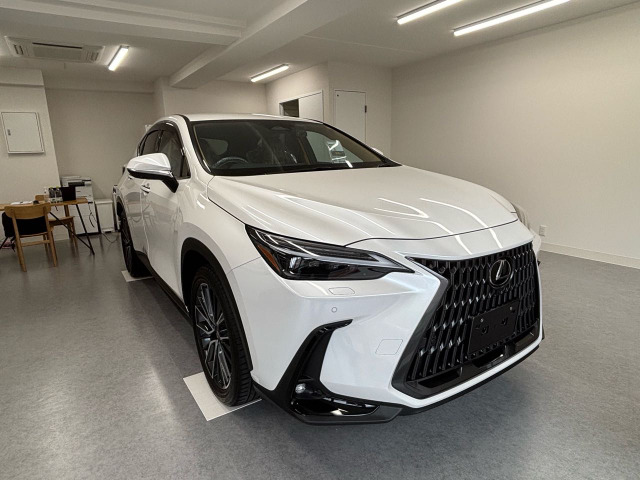 NX350h バージョンL 4WD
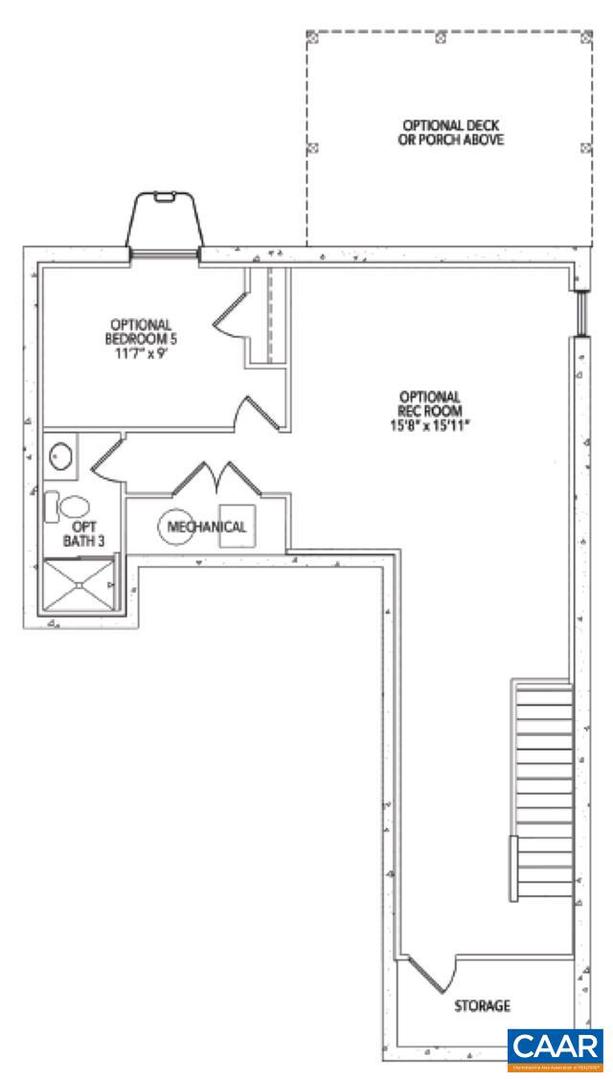 32A ASHLIN COVE, CHARLOTTESVILLE, Virginia 22901, 4 Bedrooms Bedrooms, ,2 BathroomsBathrooms,Residential,For sale,32A ASHLIN COVE,667401 MLS # 667401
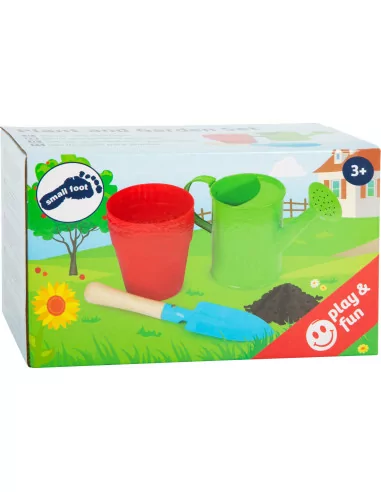 Small Foot Sada pro sadbu rostlin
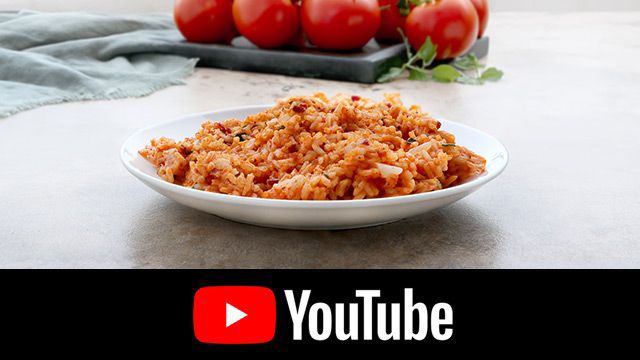 Charleston Red Rice Recipe Video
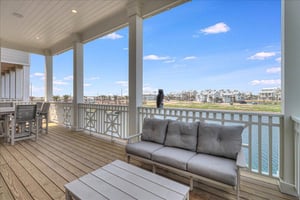 Lakeside Balcony, 2nd Floor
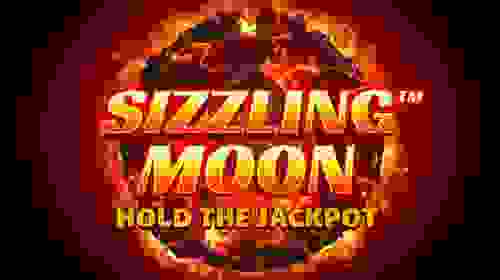 Sizzling Moon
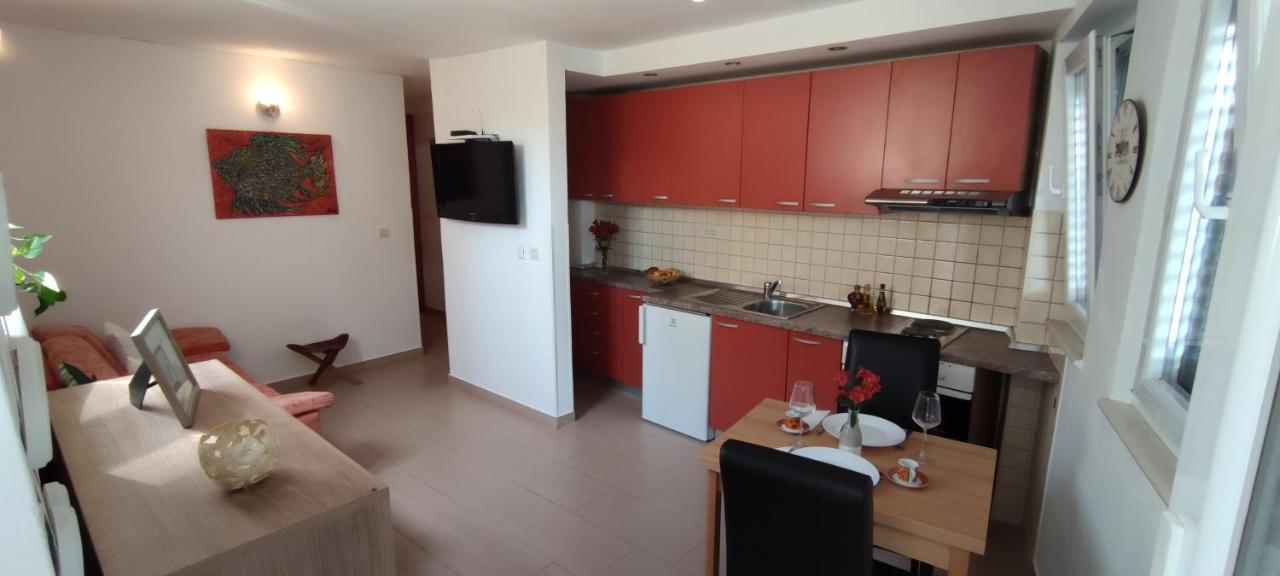 Apartment "Orangina" Sea - Nature - Relax - Ideal For Couples Дубровник Экстерьер фото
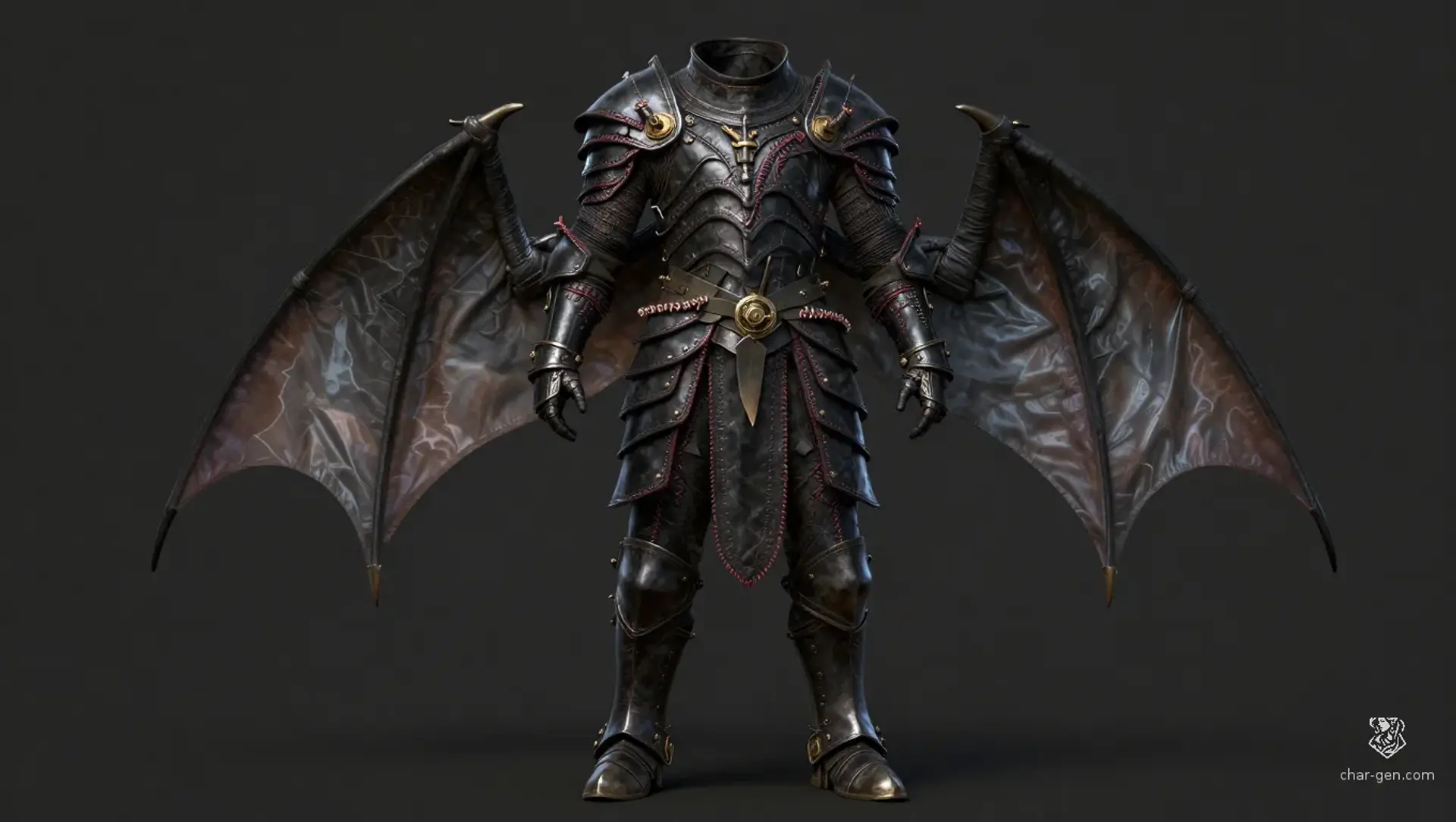 Sky-Tamer's Hidden-Blade Flightsuit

WHAT THE TASK ASKS → Write out again, exactly, each line from the one containing "Sizzling Moon" through the last line of the entries, and omit every picture.

EXERCISE RESULT →
 Sizzling Moon
 Apartment "Orangina" Sea - Nature - Relax - Ideal For Couples Дубровник Экстерьер фото
 Sky-Tamer's Hidden-Blade Flightsuit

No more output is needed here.